Le discours de StableAI, c’est de donner accès à la création à tous (ceux qui payent) mais pas de créer de la rente. Ça peut rappeler le discours de Google au début de sa création, qui voulait permettre à tous de s’informer, et qui est maintenant l’un des plus gros Gafa. L’invocatoire me fait souvent tiquer : je pense qu’à terme, ils veulent faire beaucoup d’argent en augmentant les prix d’accès aux IA et les rendre élitistes tout en écrasant les créateurs originaux : c’est le scénario catastrophe, ça pourrait bien sûr se passer autrement.
Comment cela remet-il en cause le principe même de création ?
L’art, la conceptualisation et l’esprit d’innovation sont propres à l’humain. Peu importe l’outil utilisé, s’il n’y a pas de sensibilité et/ou pas de technique, le résultat n’est jamais satisfaisant. Le problème de l’intelligence artificielle, c’est qu’elle utilise des choses qui sont déjà existantes et que le médium n’est plus l’humain mais la machine : quand tu utilises une photo et que tu la bidouilles pour en faire un travail dérivatif, c’est toi qui fais. Avec l’IA, ça n’est plus toi qui le réalises, mais la machine, et l’esprit de création est déporté.
La création, c’est la projection de l’imaginaire vers le réel. Cette projection est dépassée par un outil qui foule au pied le labeur artistique qui est à mon sens une donnée essentielle du processus créatif. Sans erreurs, sans apprentissage, sans technique, il n’y a pas vraiment d’innovation intéressante, ça n’est que du réchauffé. C’est le risque avec l’Intelligence Artificielle : on va se retrouver avec du réchauffé, une création artificielle qui tourne en rond. Comme l’IA utilise des choses existantes pour créer, à terme la création n’existera plus et l’originalité risquera de disparaître.
Selon toi, peut-on se dire artiste en utilisant l’IA ?

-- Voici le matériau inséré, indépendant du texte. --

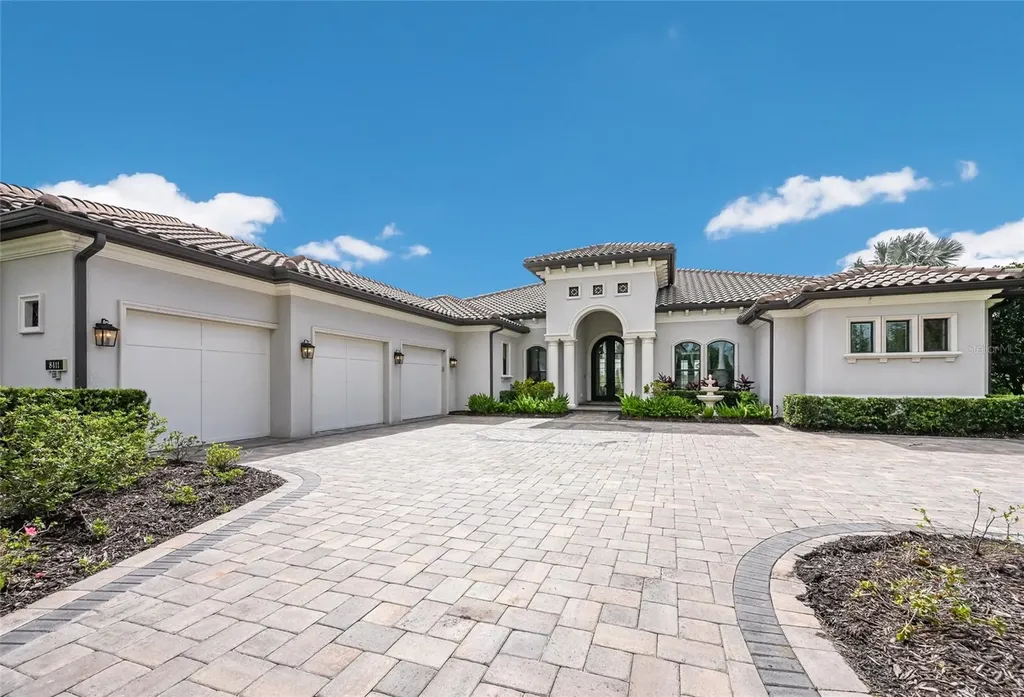 8411 Broadstone Court Bradenton FL 34202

On peut évidemment être artiste en utilisant l’IA : si on l’utilise comme un outil, pas comme une fin. Si on s’en inspire et qu’on l’emploie comme un moyen, ça peut être intéressant, mais si c’est employé comme une fin, c’est un écueil. Ça ne devrait d’ailleurs être employé que comme un outil : si les images générées par l’IA n’étaient pas en haute définition par exemple, donc pas utilisables telles quelles, l’IA ne pourrait pas être employée comme une fin, ni « générer de l’art ». Je me sers moi-même de l’IA dans mon travail, déjà parce que j’aime connaître mes ennemis, mais aussi parce que cela me permet d’obtenir très rapidement des palettes de couleurs ou des inspirations : c’est pratique, c’est un outil, au même titre que ma tablette graphique ou qu’une image de référence.
La force de l’humain : l’imagination
Comme l’a dit Loïc, les programmes d’intelligence artificielle créative ne sont pas problématiques pour les créateurs dès lors qu’ils sont utilisés comme des outils. Si l’IA est un outil, alors elle n’est pas artiste, elle n’est que l’outil de l’artiste. Les images générées par l’IA peuvent être des bases de travail, mais ne doivent pas être considérées comme des créations originales, ni comme de l’art à part entière. Car la machine ne peut pas créer comme un humain, elle n’a pas d’esprit d’originalité ni de projection imaginaire. C’est encore ce qu’il reste aux créateurs et aux artistes, leur belle imagination.